Summit Award reveals 2024 contenders which have best helped draw in players, broaden scope of historical board gaming

The finalists of this year’s Summit Award, which aims to recognise historical board games that have attracted new players or introduced new subjects or perspectives to the hobby, have been revealed.

Stephen Rangazas’ design The British Way: Counterinsurgency at the End of Empire is among four games in the running for this year’s prize, alongside Halls of Hegra by Petter Schanke Olsen, Land and Freedom: The Spanish Revolution and Civil War by Alex Knight, and We Are Coming, Nineveh by Harrison Brewer, Rex Brynen, Juliette Le Ménahèze and Brian Train.

Those games cover themes including insurgencies around British decolonisation in Palestine, Malaya, Kenya, and Cyprus, Norwegian volunteers fighting numerically-superior German forces in the early days of World War II, disparate factions coalescing to fight fascism in 1930s Spain, and the Iraqi government’s campaign to liberate the western part of Mosul from Daesh forces in 2017.

Halls of Hegra

Honourable mentions for this year’s award went to Paolo Mori’s Match of the Century and Scout Blum design Rising Waters – the latter of which was also nominated for the inaugural Zenobia Award, a trophy that aims to shine a light on diverse historical game designs from creators in marginalised groups.

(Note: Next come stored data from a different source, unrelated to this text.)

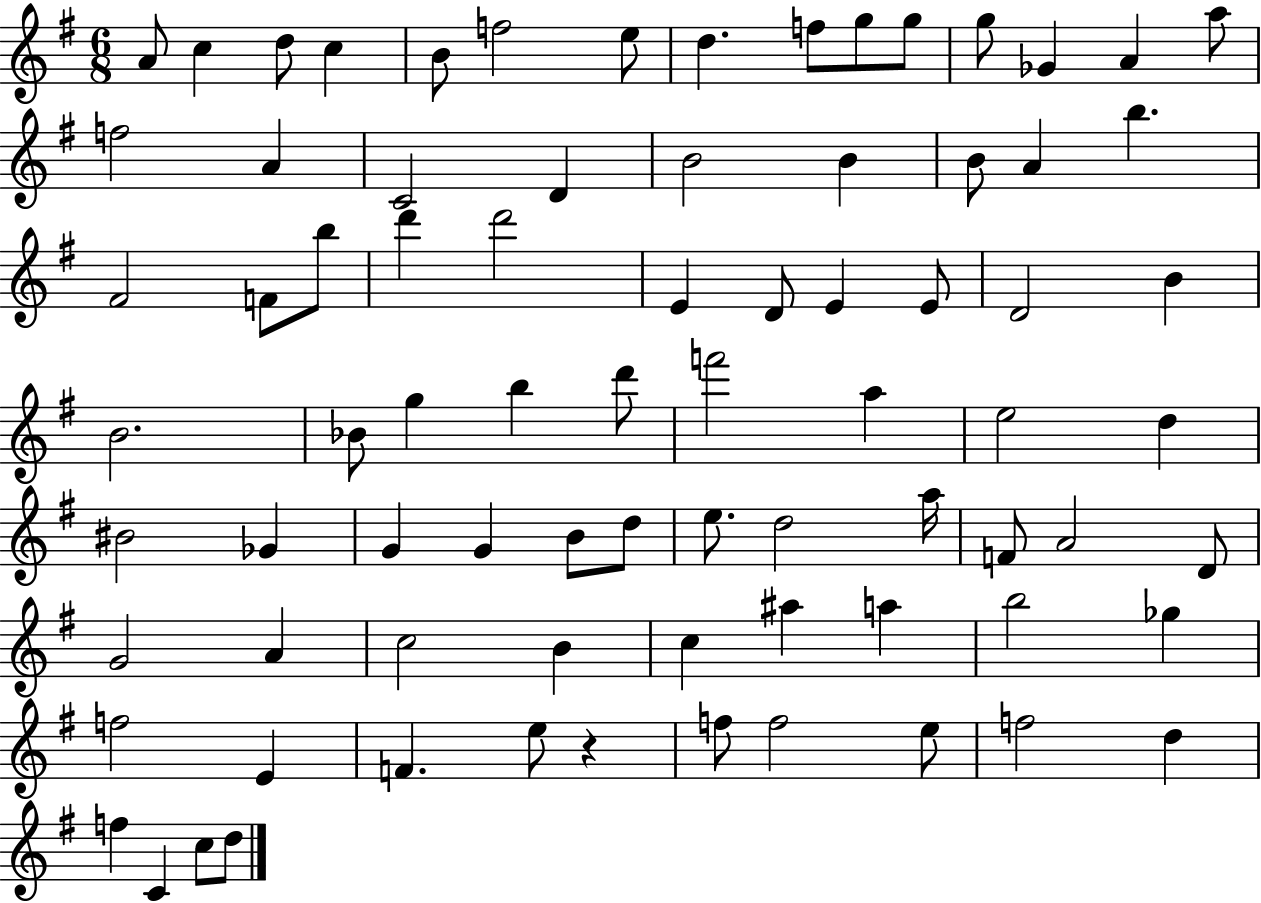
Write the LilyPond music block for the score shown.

{
  \clef treble
  \numericTimeSignature
  \time 6/8
  \key g \major
  a'8 c''4 d''8 c''4 | b'8 f''2 e''8 | d''4. f''8 g''8 g''8 | g''8 ges'4 a'4 a''8 | \break f''2 a'4 | c'2 d'4 | b'2 b'4 | b'8 a'4 b''4. | \break fis'2 f'8 b''8 | d'''4 d'''2 | e'4 d'8 e'4 e'8 | d'2 b'4 | \break b'2. | bes'8 g''4 b''4 d'''8 | f'''2 a''4 | e''2 d''4 | \break bis'2 ges'4 | g'4 g'4 b'8 d''8 | e''8. d''2 a''16 | f'8 a'2 d'8 | \break g'2 a'4 | c''2 b'4 | c''4 ais''4 a''4 | b''2 ges''4 | \break f''2 e'4 | f'4. e''8 r4 | f''8 f''2 e''8 | f''2 d''4 | \break f''4 c'4 c''8 d''8 | \bar "|."
}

Match of the Century focuses on the final of the 1972 World Chess Championship between Bobby Fischer and Boris Spassky, while Rising Waters is centred on the flooding of the Mississippi Delta in 1927, which compelled African American families to fight the forces of nature in addition to racism from white landowners.

This is the third year the Summit Award has been handed out, following victories for Fred Serval’s Red Flag Over Paris in 2022 and Tory Brown’s Votes For Women last year.

Red Flag Over Paris is a two-player card-driven game depicting the two months of intense confrontation between the Communards and the government in Versailles during the 1871 Paris Commune, while Votes for Women simulates the political fight for American women’s suffrage between 1848 and 1920.

The award was created by San Diego Historical Games Convention, an organisation which aims to create a diverse and supportive gaming community dedicated to playing, discussing, designing, and promoting historically-based board games.

SDHist, which was launched mainly as a local wargaming group in 2015, is led by wargaming experts including Liberty or Death: The American Insurrection designer Harold Buchanan.

Award nominees are judged on ease of teaching, ease of play, novelty and uniqueness of topic, novelty of approach and effectiveness as a historical game.

All four finalists will now be demoed at the SDHist Summit 2024 Convention between November 8 and 11, with board members, advisors and invited judges then voting on which game will win.

The winner is expected to be announced by the end of this year.